Samoa:Tod im Paradies

Der verheerende Tsunami auf Samoa lässt den Menschen kaum Zeit für die Flucht - vor allem Kinder und alte Menschen sterben.

Urs Wälterlin und Martin Zips

Die herrliche Bucht von Lalomanu war auf Samoa das, was man ein Südseeparadies nennen könnte. Schöne Strände, klares Wasser, liebenswerte Menschen. Dann kam die Flut, riss Menschen, Autos, Boote und Häuser mit, verwüstete alles, was sich ihr entgegen stellte. Jetzt ist Lalomanu ein Katastrophengebiet.

Samoa: Samoa: Den Bewohnern blieben nur wenige Minuten, sich in Sicherheit zu bringen.

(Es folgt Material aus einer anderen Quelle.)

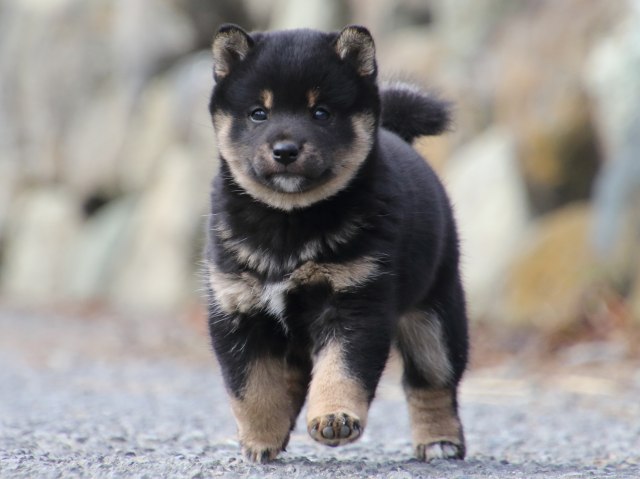 FP5A0958-puppy FP5A0958-puppy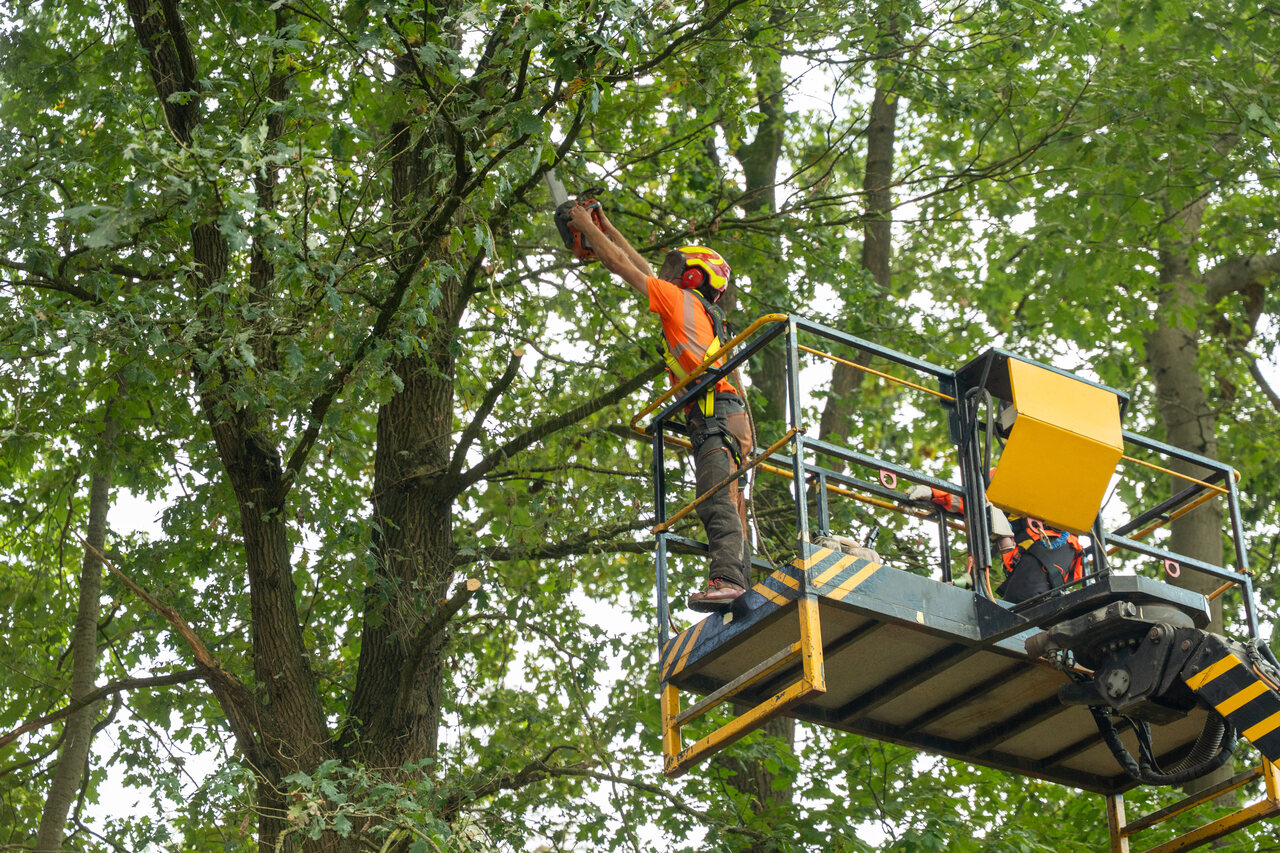 Vught verdiept - Foto 18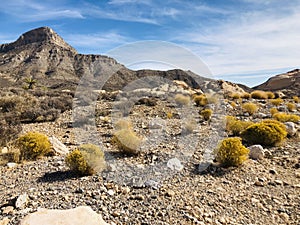 Spring Mountain Range near Las Vegas Nevada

Samoa: Den Bewohnern blieben nur wenige Minuten, sich in Sicherheit zu bringen.

(Foto: Foto: AP)

Mindestens einmal im Jahr rumort die Erde im Südwestpazifik, doch diesmal maßen die Seismologen 200 Kilometer vor der Südküste der Inselgruppe Samoa, etwa auf halber Strecke zwischen Neuseeland und Hawaii, dramatische Erschütterungen der Stärke 8,0. Und diesmal dauerte das Beben besonders lang.

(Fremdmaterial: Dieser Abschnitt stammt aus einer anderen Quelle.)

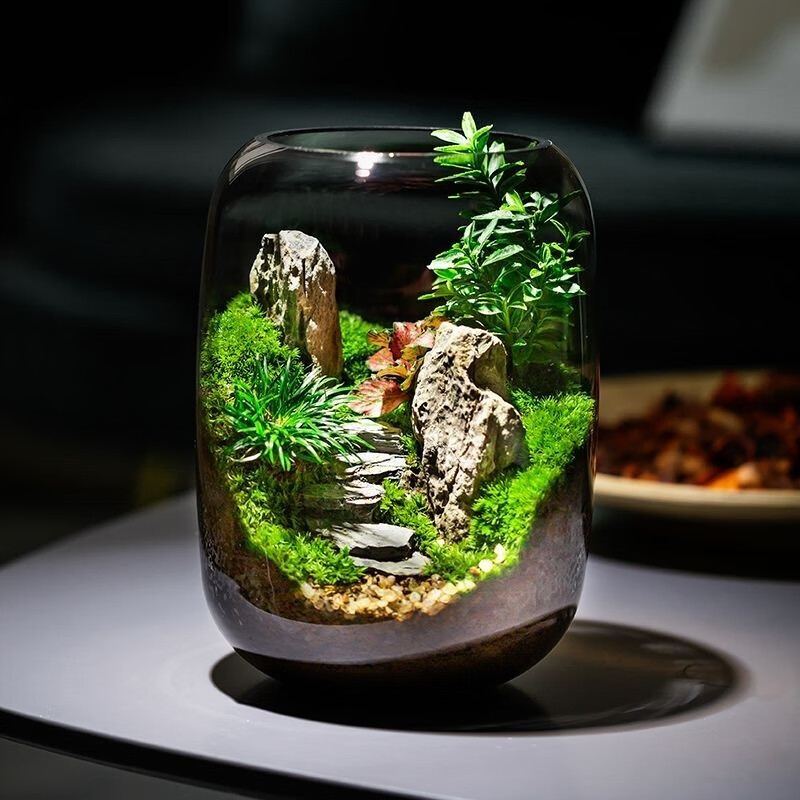 封茗【生命之树】生态瓶苔藓微景观青苔造景缸植物办公室绿植桌面盆栽 步步高升(悟空版)单景观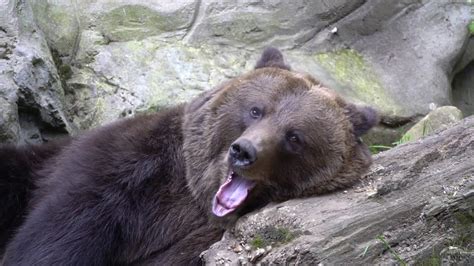 Brown Bear Yawning And Resting Youtube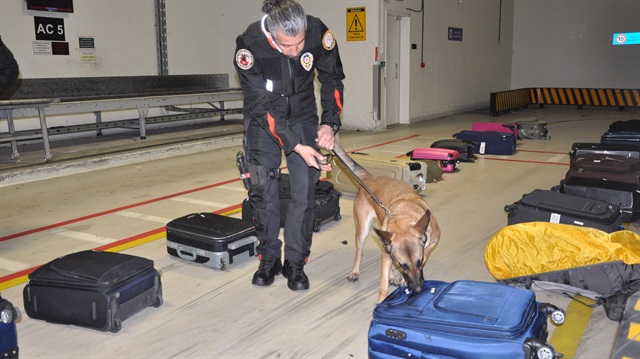 Dedektör köpek 11 milyon liralık uyuşturucuyu yakalattı.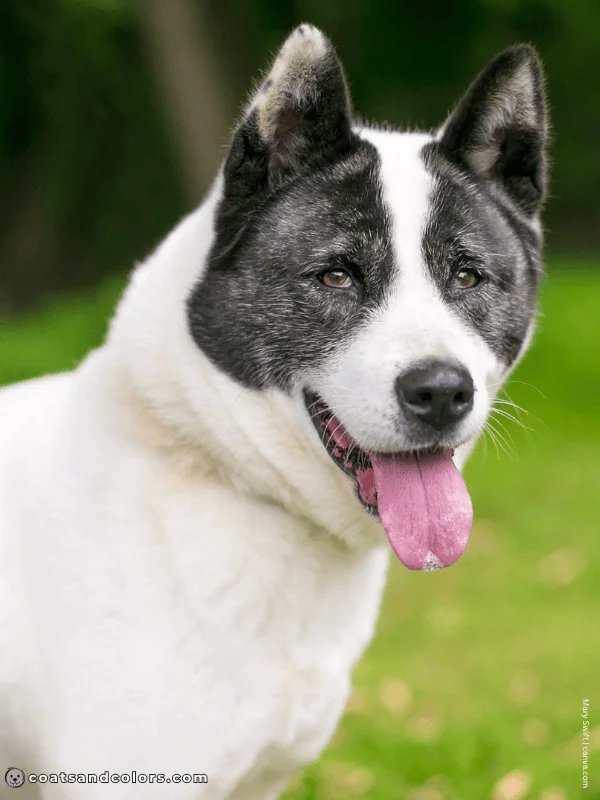 coatsandcolors.com American Akita colors extreme pinto white blaze
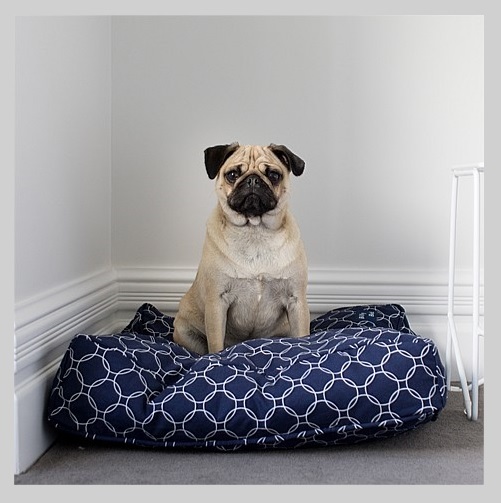 Beethoven Cushion Small image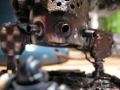 ORKTOBER killa kan contest entry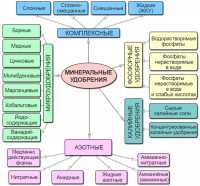 2. Посадите бобовые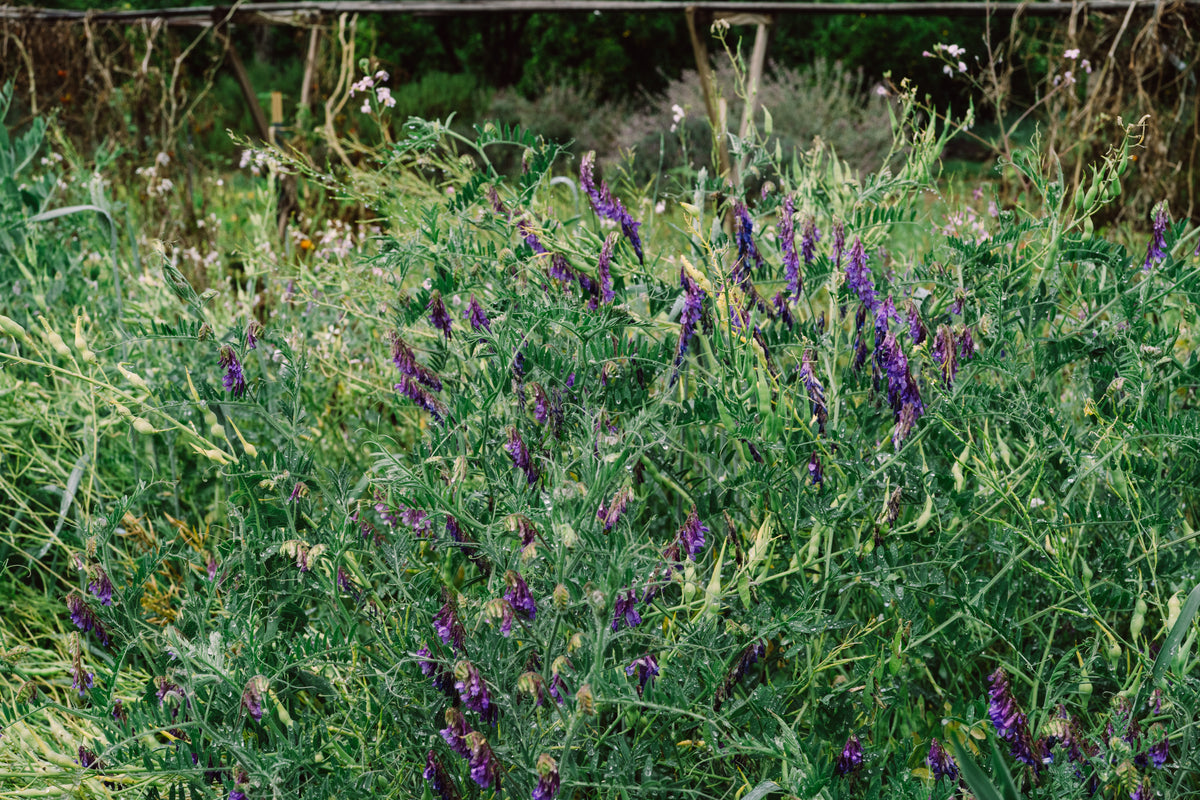 Hairy Vetch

Den Bewohnern der ehemaligen deutschen Kolonie Samoa und des Ostteils Amerikanisch-Samoa, der zu den USA gehört, blieben da nur noch wenige Minuten, um sich in Sicherheit zu bringen. Bald überrollten vier Riesenwellen die Südküste, schwappten bis zu 800 Meter ins Landesinnere. Mehr als 120 Menschen wurden innerhalb von fünf Minuten Opfer der Fluten. "Es hat vor allem Kinder und ältere gebrechliche Menschen getroffen", sagte Marita Huch, Reporterin eines lokalen Radiosenders. Da kehrte sie gerade vom Strand zurück, an dem sie viele Leichen gesehen hat.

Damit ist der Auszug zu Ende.